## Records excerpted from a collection
----------
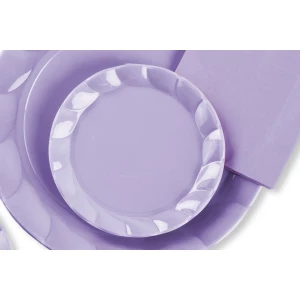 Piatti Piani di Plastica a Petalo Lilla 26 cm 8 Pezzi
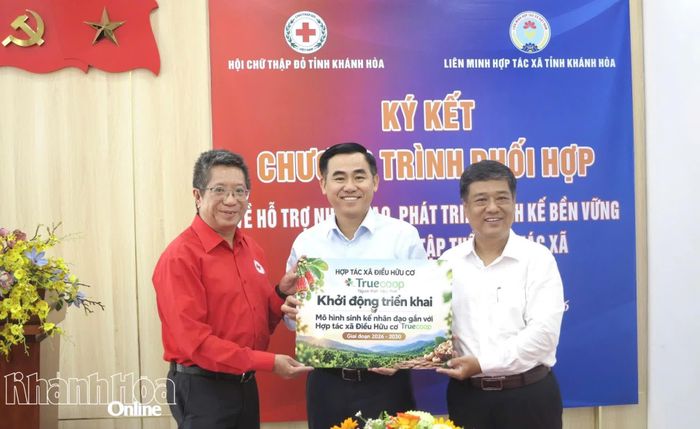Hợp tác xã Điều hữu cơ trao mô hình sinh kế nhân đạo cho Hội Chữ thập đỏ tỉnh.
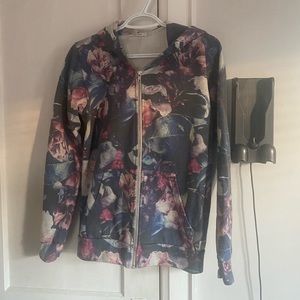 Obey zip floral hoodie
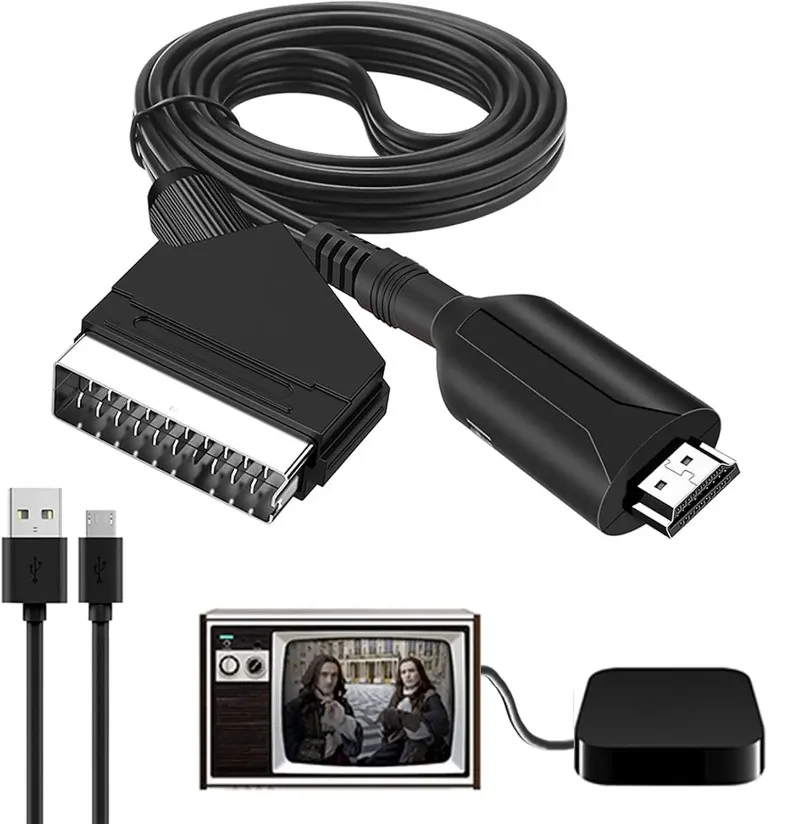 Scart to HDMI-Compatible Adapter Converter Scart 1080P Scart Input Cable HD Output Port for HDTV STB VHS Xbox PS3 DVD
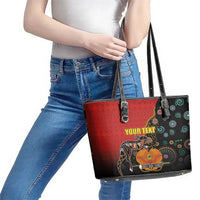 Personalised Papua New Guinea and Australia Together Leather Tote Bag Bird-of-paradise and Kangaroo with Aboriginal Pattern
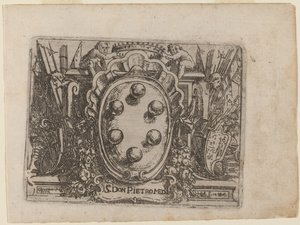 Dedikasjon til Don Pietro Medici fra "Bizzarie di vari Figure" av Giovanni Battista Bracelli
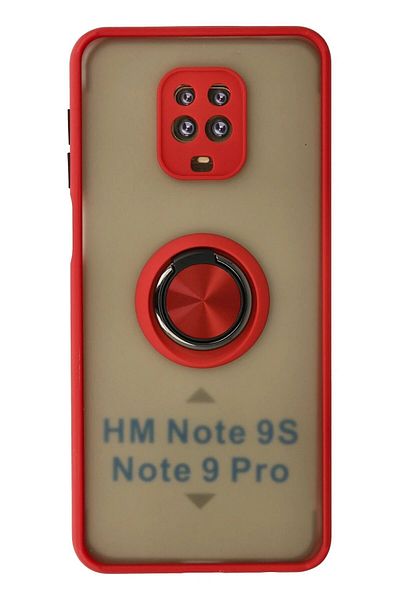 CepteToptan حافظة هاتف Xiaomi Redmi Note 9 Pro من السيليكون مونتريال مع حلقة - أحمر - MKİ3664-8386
----------
## Exercise aim
Exactly the lines from the line containing "Hợp tác xã Điều" to the end of the records need to be copied, both ends included, with pictures left out.

## Answer below
Hợp tác xã Điều hữu cơ trao mô hình sinh kế nhân đạo cho Hội Chữ thập đỏ tỉnh.
 Obey zip floral hoodie
 Scart to HDMI-Compatible Adapter Converter Scart 1080P Scart Input Cable HD Output Port for HDTV STB VHS Xbox PS3 DVD
 Personalised Papua New Guinea and Australia Together Leather Tote Bag Bird-of-paradise and Kangaroo with Aboriginal Pattern
 Dedikasjon til Don Pietro Medici fra "Bizzarie di vari Figure" av Giovanni Battista Bracelli
 CepteToptan حافظة هاتف Xiaomi Redmi Note 9 Pro من السيليكون مونتريال مع حلقة - أحمر - MKİ3664-8386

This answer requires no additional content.